[Available records — start]

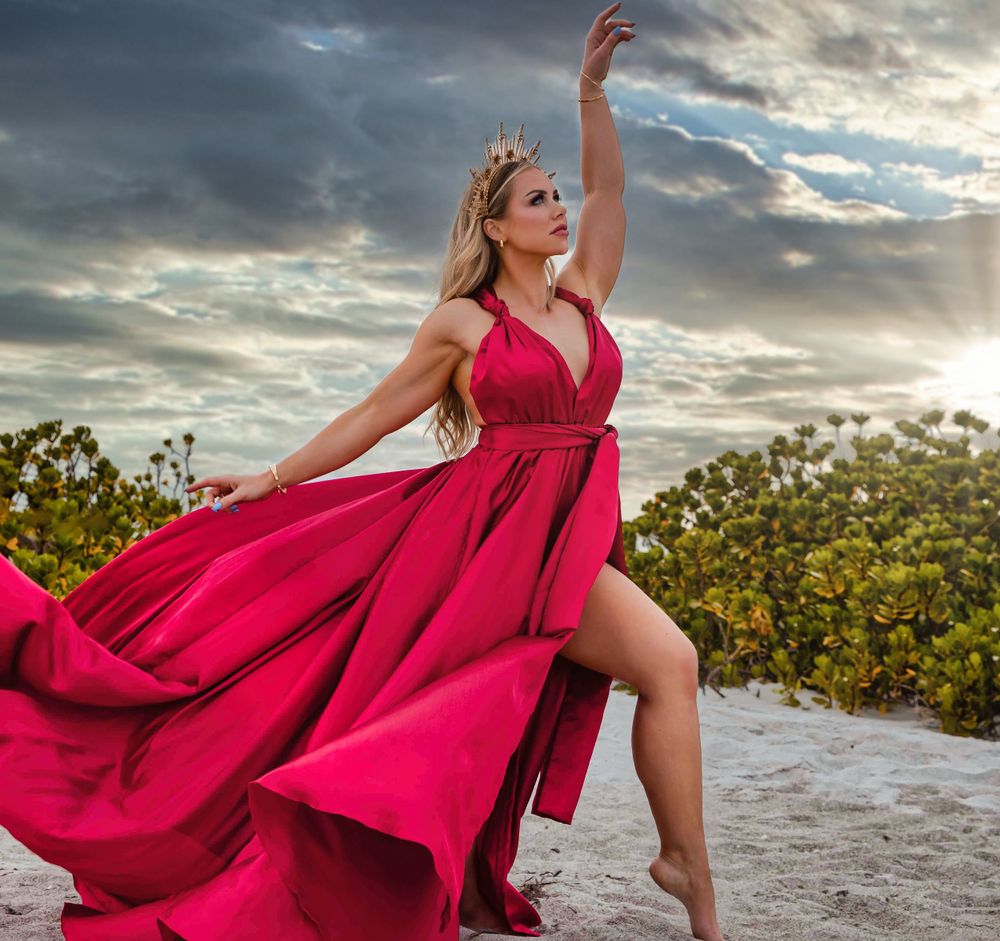Red dress flows dramatically during beach sunset photoshoot with cloudy sky.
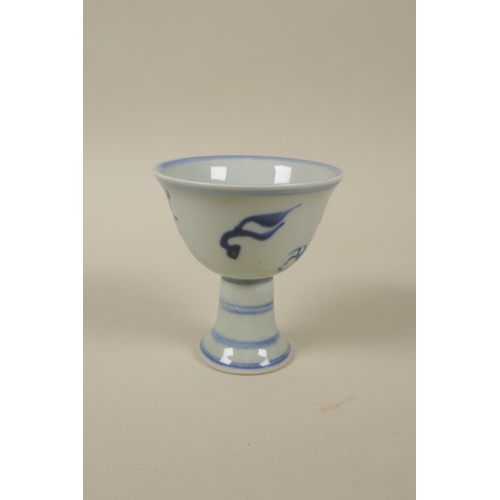 92 - A Chinese blue and white porcelain stem cup decorated with a dragon, Xuande 6 character mark to base... 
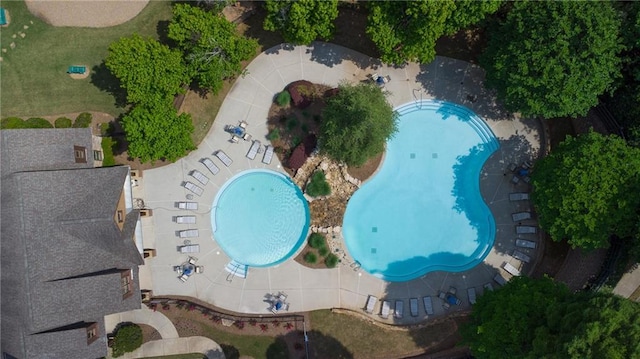 drone / aerial view of a pool area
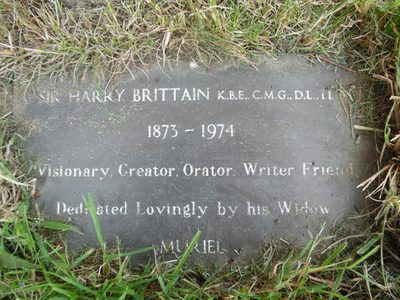 Sir Harry Brittain Plaque in All Saints Churchyard, Headley
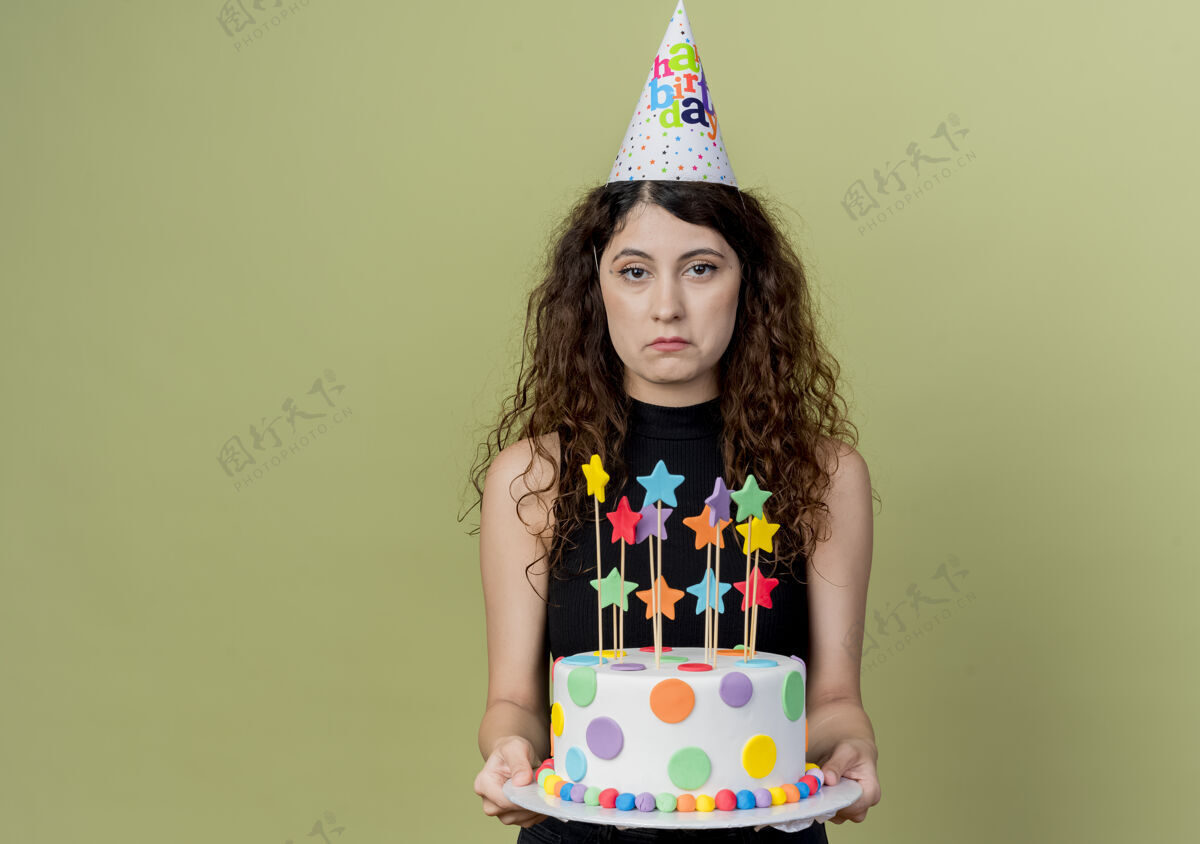 蛋糕戴着节日帽的卷发美女手持生日蛋糕 脸上带着悲伤的表情站在明亮的墙上悲伤女人帽子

[Available records — finish]

◆ **Prompt**: Using the listing above, write out exactly the lines from the one that holds "Sir Harry Brittain" through the last line, both included, and omit pictures.

◆ **Solution to this task**:
 Sir Harry Brittain Plaque in All Saints Churchyard, Headley
 蛋糕戴着节日帽的卷发美女手持生日蛋糕 脸上带着悲伤的表情站在明亮的墙上悲伤女人帽子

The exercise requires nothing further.